AVAILABLE DATA:
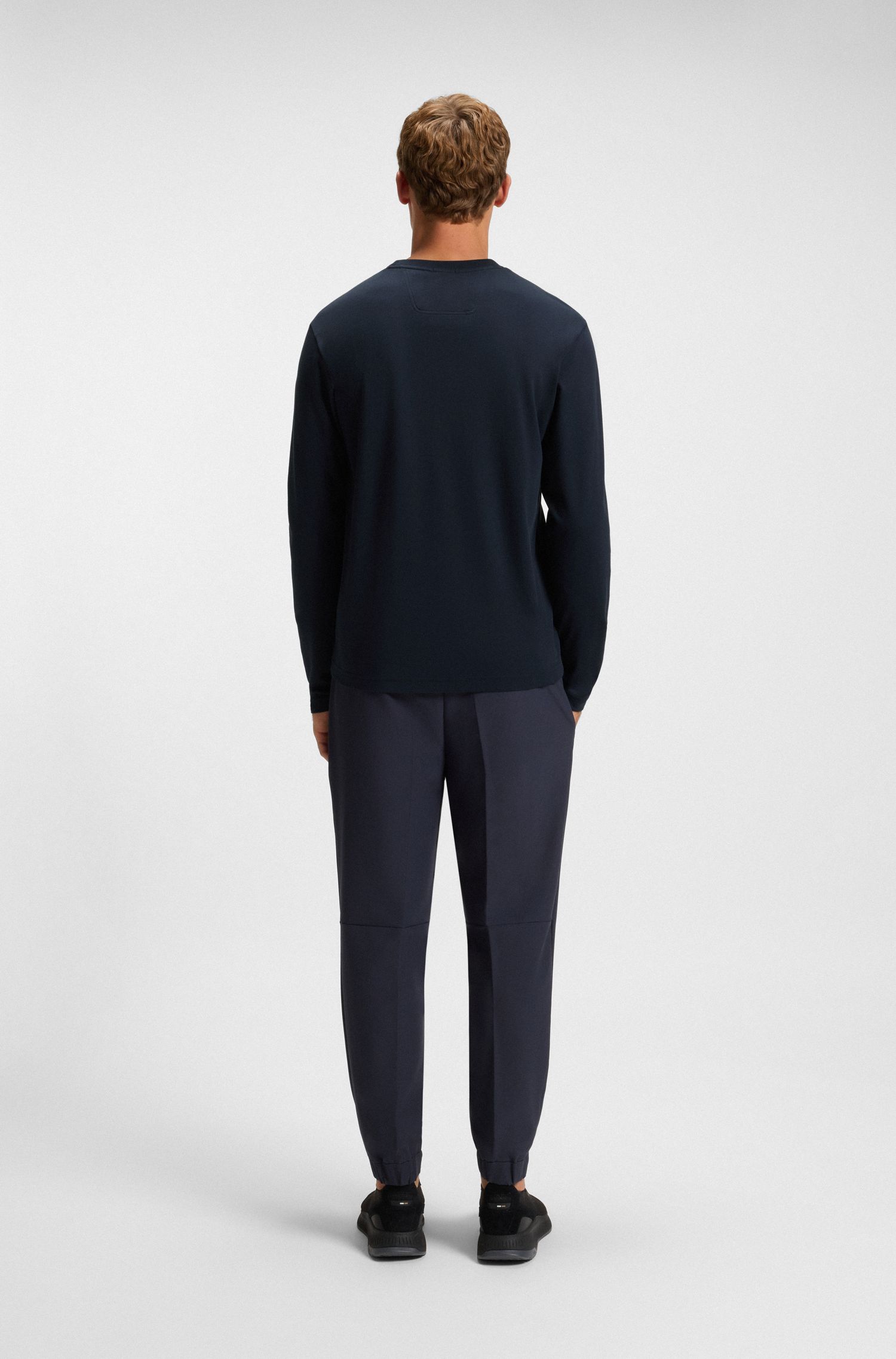 【BOSS博斯】同色系艺术图案棉质双面布 T 恤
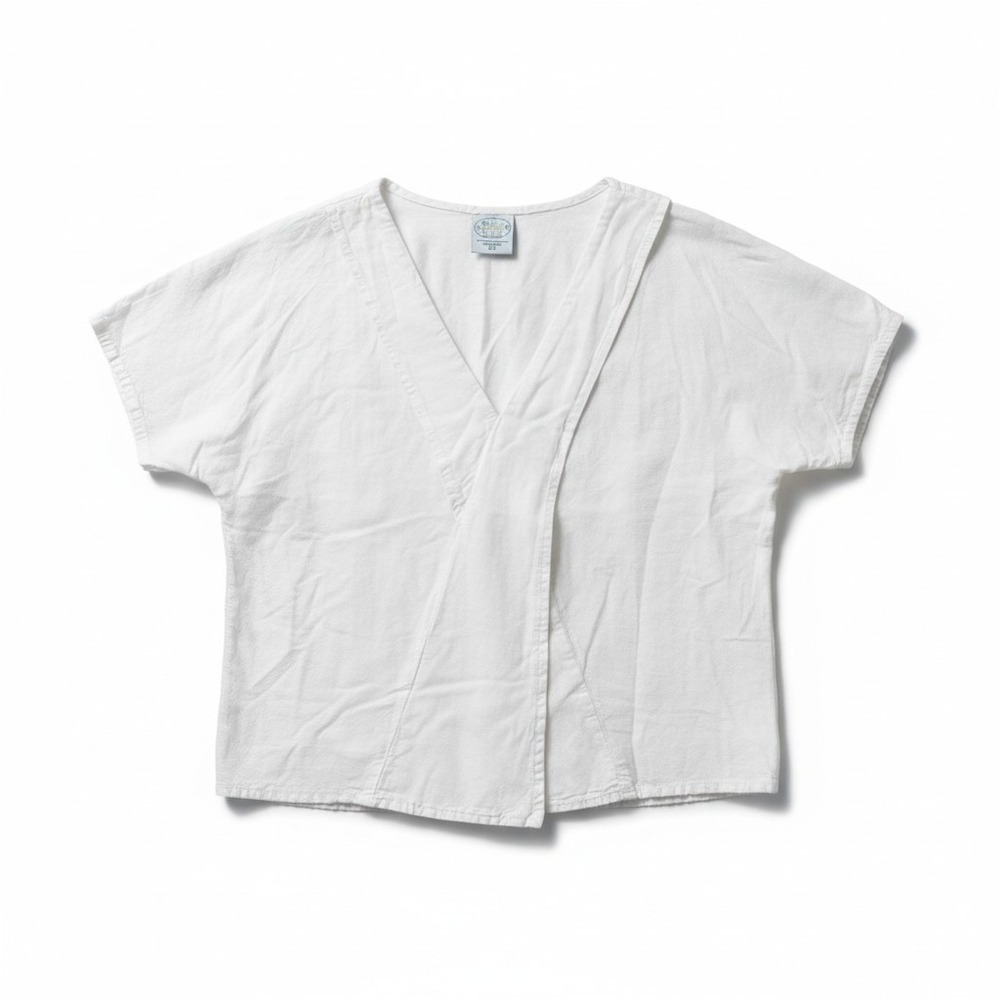 Drawstrings of Malibu White Cotton V-Neck Wrap Top XL Made in USA Travel Wear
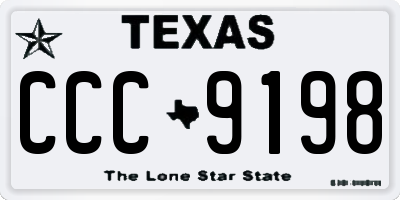 TX license plate CCC9198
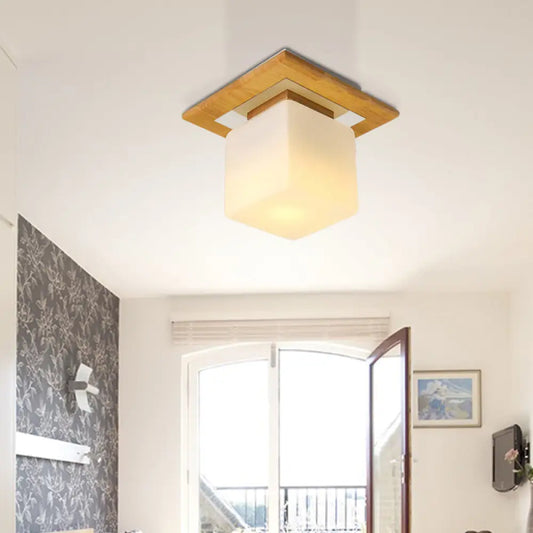 DecorBites™ DecorBites™ Simple Opal Glass Square/Cylinder Flush Mount Light Ceiling Fixture in White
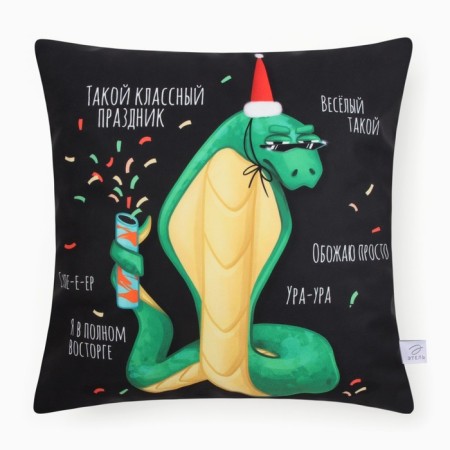 Czech on the pillow Ethel "Cool holiday" 40x40 cm, velor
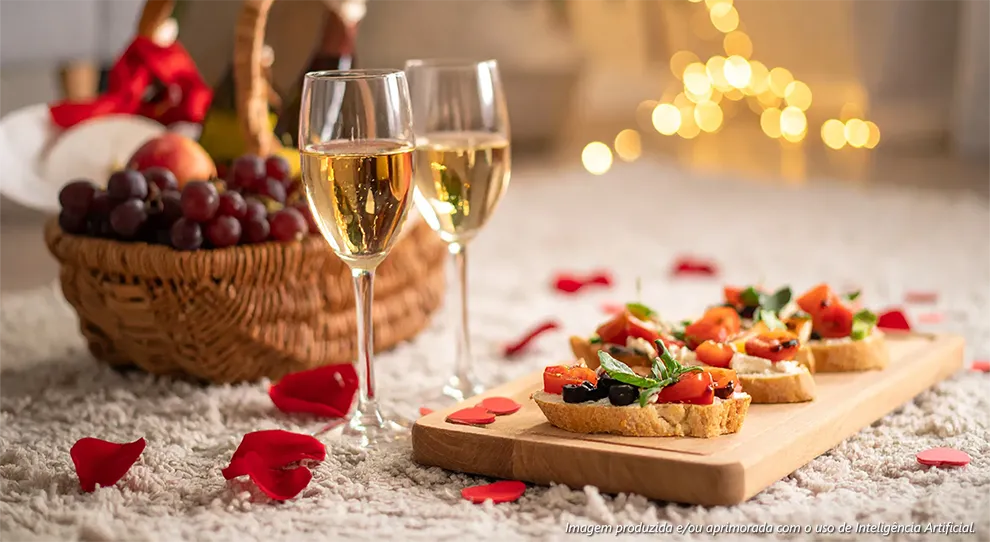 Apresenta um "Piquenique indoor: charme e descontração no tapete" com uma cesta de vime cheia de uvas e frutas, e uma tábua com aperitivos de tomate e azeitonas.
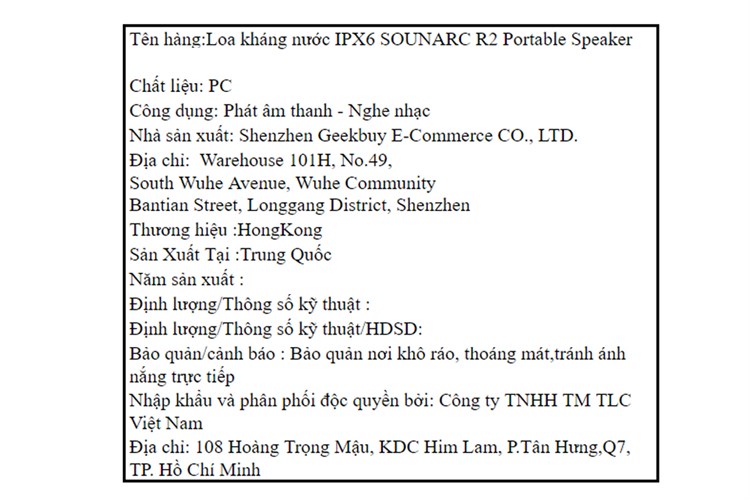 Loa Bluetooth Sounarc R2 Portable Speaker Màu Đen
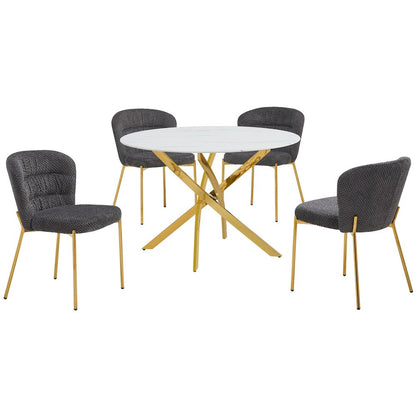 Round White Marble Wrap Glass Ding Table With 4 Dark Grey Side Chairs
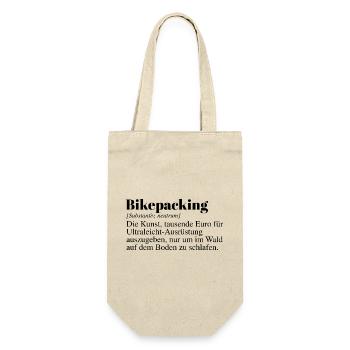 Bikepacking Duden Spruch - Geschenkbeutel für Flaschen - Natur - Vorne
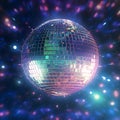 Disco bal. Party lights. Dj. Night Club. Mirror glitter disco ball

REQUIREMENT:
Quote the records above in full, dropping each picture.

YOUR SOLUTION:
 【BOSS博斯】同色系艺术图案棉质双面布 T 恤
 Drawstrings of Malibu White Cotton V-Neck Wrap Top XL Made in USA Travel Wear
 TX license plate CCC9198
 DecorBites™ DecorBites™ Simple Opal Glass Square/Cylinder Flush Mount Light Ceiling Fixture in White
 Czech on the pillow Ethel "Cool holiday" 40x40 cm, velor
 Apresenta um "Piquenique indoor: charme e descontração no tapete" com uma cesta de vime cheia de uvas e frutas, e uma tábua com aperitivos de tomate e azeitonas.
 Loa Bluetooth Sounarc R2 Portable Speaker Màu Đen
 Round White Marble Wrap Glass Ding Table With 4 Dark Grey Side Chairs
 Bikepacking Duden Spruch - Geschenkbeutel für Flaschen - Natur - Vorne
 Disco bal. Party lights. Dj. Night Club. Mirror glitter disco ball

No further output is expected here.